Für die Mehrheit hat der Bund bereits heute strenge Regeln bei der Verwendung von Pestiziden. Das geforderte Verbot birgt für sie die Gefahr, dass Pflanzen und landwirtschaftliche Produkte nicht mehr vor Bakterien, Viren usw. geschützt werden können. Es schränkt die Versorgung und die Vielfalt der Lebensmittel ein. Das habe negative Folgen sowohl für die Konsument*innen wie auch für die Produzent*innen. Schliesslich würde das Verbot auch geltende internationale Handelsabkommen verletzen.
Bei der Trinkwasserinitiative wenden die Behörden ein, Massnahmen auf Gesetzesstufe eben beschlossen zu haben. Sie würden die negativen Konsequenzen der Volksinitiative vermeiden. Beispielsweise geht es dabei um das Verbot des Futtermittelzukaufs, wie es die Trinkwasserinitiative verlangt.

Die bisherigen Abstimmungskämpfe
Der Abstimmungskampf begann beidseitig früh.

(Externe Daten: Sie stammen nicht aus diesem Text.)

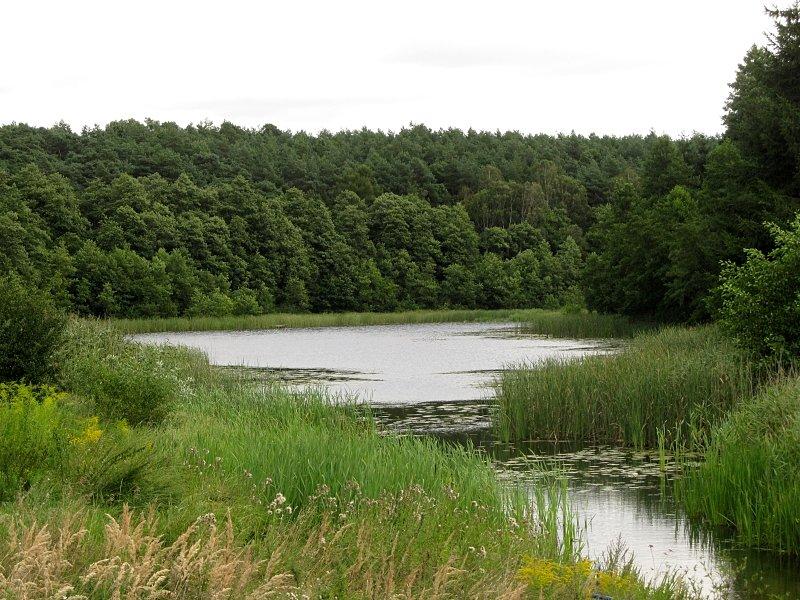 Jezioro Głęboczek o pow. 3ha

Die bäuerlichen Organisationen und Medien treten geschlossen gegen beide Vorlagen an. Auf der Ja-Seite gibt es gewisse Akzentsetzungen. Die glp und Minderheiten der FDP haben sich entschieden, mit der Trinkwasserinitiative den Druck auf die Landwirtschaft weiter zu erhöhen. Sie sehen in der Vorlage einen liberalen Ansatz in der Landwirtschaftspolitik. Das sei bei der Pestizidinitiative mit den Verboten nicht der Fall. Entsprechend wird sie nur vom geschlossenen rotgrünen Lager unterstützt.

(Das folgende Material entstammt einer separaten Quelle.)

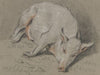 Liegendes Schwein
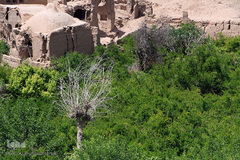 سرمازدگی بخشی از درختان میوه در باغ شهر شاهدیه یزد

Zur Überraschung vieler entschied sich aber «Bio Suisse», nur die Pestizidinitiative zu unterstützen, nicht aber die Trinkwasserinitiative. Man sieht die Bio-Branche in der Landwirtschaft gefährdet, will zwar Subventionen, aber keine Marktausweitung. Auch bei den Grünen gibt es Politikerinnen und Politiker, die nur diese Volksinitiative befürworten.
Der Abstimmungskampf verläuft polarisierter. Es stehen sich namentlich die Positionen von zwei Mal Ja und zwei Mal Nein gegenüber. Auf der Ja-Seite wird mit gewachsenen Ansprüchen der Konsument*innen an die Landwirtschaftsproduktion argumentiert. Die jetzigen gesetzlichen Grundlagen seien nicht mehr genügend. Auf der Nein-Seite werden Einbrüche bei der einheimischen Landwirtschaft befürchtet, was zu mehr Nahrungsmittelimporten führen würde.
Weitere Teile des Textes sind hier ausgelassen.